Venezuela has begun publishing the sale price of its oil crude in Chinese yuan rather than U.S. dollars, as is traditionally done in the world’s oil markets.
President Nicolas Maduro has said moving to the currency is one way to counter U.S. economic sanctions.
It’s also a sales pitch to China and other non-U.S. markets.
CGTN’s Juan Carlos Lamas reports.
Venezuela said the switch to Chinese currency is part of a push become free from what it calls the “tyranny of the dollar.”
“Venezuela cannot risk its economy, 97 percent of the dollars that enter the country come from oil income,” Miguel Jaimes, an oil expert said. “So it has the economic responsibility to open up to new markets and new scenarios and take advantage of the consolidation of the yuan as currency in the international market.”
Venezuela switched from dollars to yuan after U.S. President Trump imposed sanctions, blocking U.S. citizens from buying new debt from Venezuela or from its state oil company PDVSA.

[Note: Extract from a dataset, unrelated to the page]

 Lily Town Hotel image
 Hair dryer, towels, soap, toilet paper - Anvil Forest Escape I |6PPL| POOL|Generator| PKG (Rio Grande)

Some have argued it’s a smart move.
“The only country that has so far reported the price of a barrel of oil in yuan is Venezuela,” Luis Enrique Gavazut, an economist said. “It is a bold decision that may be followed by other oil producing countries worldwide.”
Gavazut said China has been planning to move U.S. monetary domination towards the Euro-Asian bloc for decades.
“China has the support of Russia and of other countries like Venezuela,” Gavazut says. “China seeks to manage a financial system that does not rely heavily on the dollar but rather on the yuan.”
For now, Venezuela’s oil company PDVSA debts are still denominated in dollars and for now, that’s how PDVSA will have to pay bondholders. And that makes Venezuela vulnerable to new economic sanctions that could freeze assets.
Venezuela and China are partners in four oil companies in Venezuela and they’re developing a refinery in China with plans to process 400,000 barrels of Venezuelan oil a day.
The yuan is not as liquid as the dollar, but with close trade ties to China, Venezuela can use its holdings of yuan to buy industrial products from China, continuing to distance itself from the U.S. and the domination of the dollar.